49. Table 4 above shows that there is currently £18.7m of potential under-achievement of savings in the forecast position for 2011/12. In addition to the £18.7m forecast under-achievement, there is a further risk of £9.8m for which explanations are provided in Appendix 3 (Exempt).

50. The following paragraphs provide a more detailed update on the current position of each of the major change programmes.

RAG status criteria  
Red the programme is off target with significant issues placing it at risk
Amber  the programme has some slippage but mitigating actions are in place
Green the programme is on target with few or no significant issues

51. Future monitoring reports will need to assess the impact of Operations Kirkin and Withern on the delivery of these programmes given the significant diversion of resources to support those operations.

52. Rationalisation of property estate (Overall status: Amber)
Good progress has been made on the Corporate Real Estate (CRE) programme over the summer:

  • The Finance and Resources Committee gave final approval for the sale of Penrhyn Road (office), Sunbury training centre and Ponders End police station.
  •  Wallington police station has been fully vacated and is being marketed for sale.
  •  Occupants of Ponders End police station and Old Ilford (offices) have been relocated. Both buildings are now empty and full decommission is underway, due to conclude in mid September.
  •  A number of units relocated to Empress State Building, marking the successful conclusion of a major CRE receiving site project. Further moves will take place over coming months, again improving the usage of one of the MPS’ major headquarters buildings.
  •  Work has taken place at Euston Traffic Garage that will allow the move of SO15 from Canon Row in early September 2011.
  •  Work continues in Property Services in preparation for Hendon Modernisation plans being re-submitted to the MPA in October. On-site at Hendon good progress has been made with buildings 37 and 38 now decanted.

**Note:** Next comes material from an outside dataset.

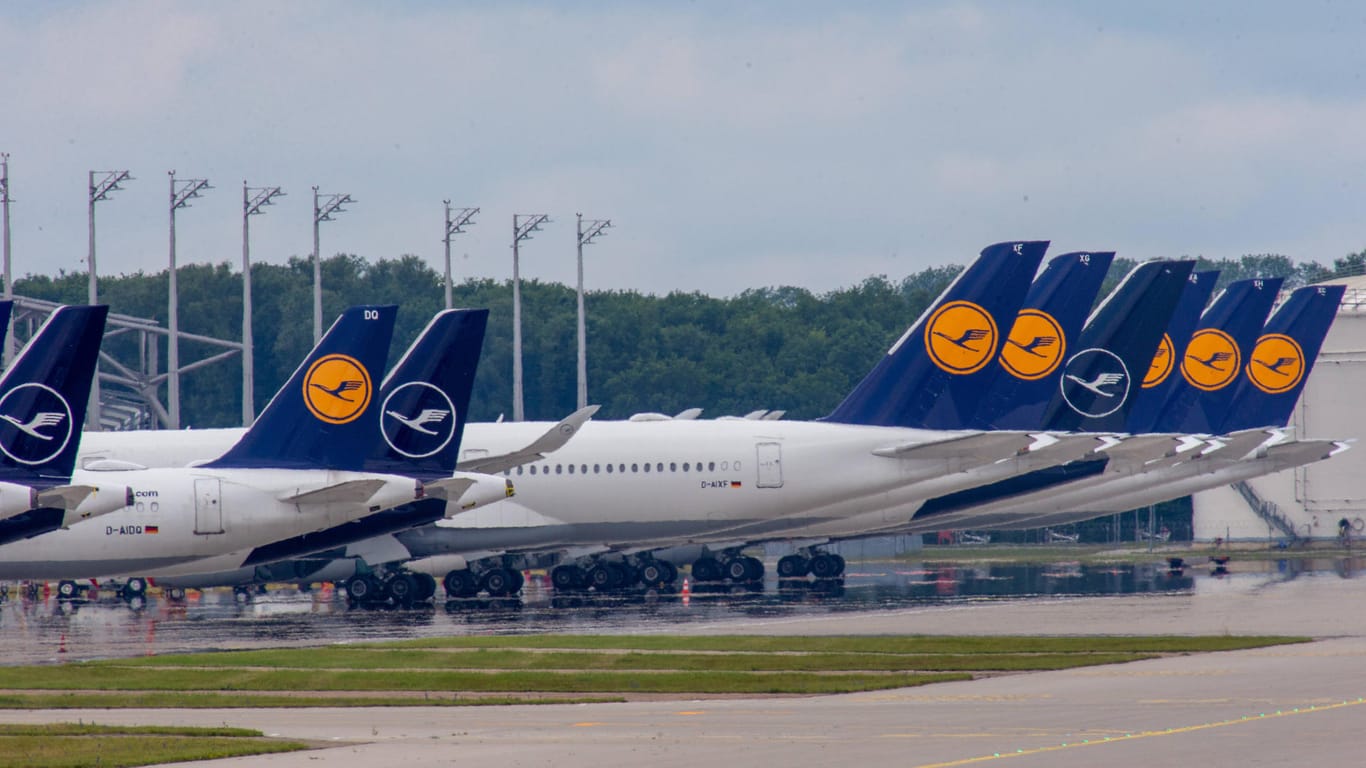 Flugzeuge der Lufthansa am Boden: Findet sich keine Mehrheit für die Rettungsmaßnahmen droht der Fluggesellschaft die Insolvenz.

CRE project management, planning and reporting arrangements have been revised, informed by “lessons learned” activity that took place over the summer. New products and ways of working will need to embed over the coming months but are already delivering improvements in the management of CRE:

  •  Groups and meetings have been restructured to give a clear focus and purpose, split between strategic and tactical
  •  CRE Governance Group and other stakeholders will now receive improved qualitative and quantitative CRE performance information through the new CRE milestone map, highlight report and performance dashboard.

After much scoping work with CRE change leaders, the September CRE Governance Group will assess the position for 2012/13 before presentation to MPS Management Board.

There is a risk of non-achievement of £1.8m where delays could occur due to the dependency on other programmes such as TP Development.

53. Property Services modernisation and contract rationalisation (Overall status: Amber)

This programme continues to achieve savings for reinvestment into front line policing through its review and renegotiation of contracts. Highlights to date are:

  •  The collaborative procurement approach to the MPS energy contract which transferred to the Buying Solutions Framework in April of this year. A benchmarking methodology is currently being established to monitor performance following contract go live with efficiencies plotted against the previous energy buying modal, anticipated savings are in the region of £1m.
  •  The MPA have recently agreed that further work can be undertaken to review the FM / MPIC contracts with a view to securing savings on existing contracts and introducing fixed management fees. The Facilities Management team will continue to work with suppliers to identify opportunities. So far this financial year, this particular workstream has secured £5.5m savings.
  •  Opportunities to enhance the value for money of PFI contracts are being analysed, however achievement of the required savings against target may not be reached hence the amber status of the programme.
  •  Efficiencies within the Security Guarding and In-house cleaning workstreams continue to make good progress.
  •  MPA approval has been given to various contractual arrangements in regard to the lease for ESB which will achieve further reductions in on-going running costs.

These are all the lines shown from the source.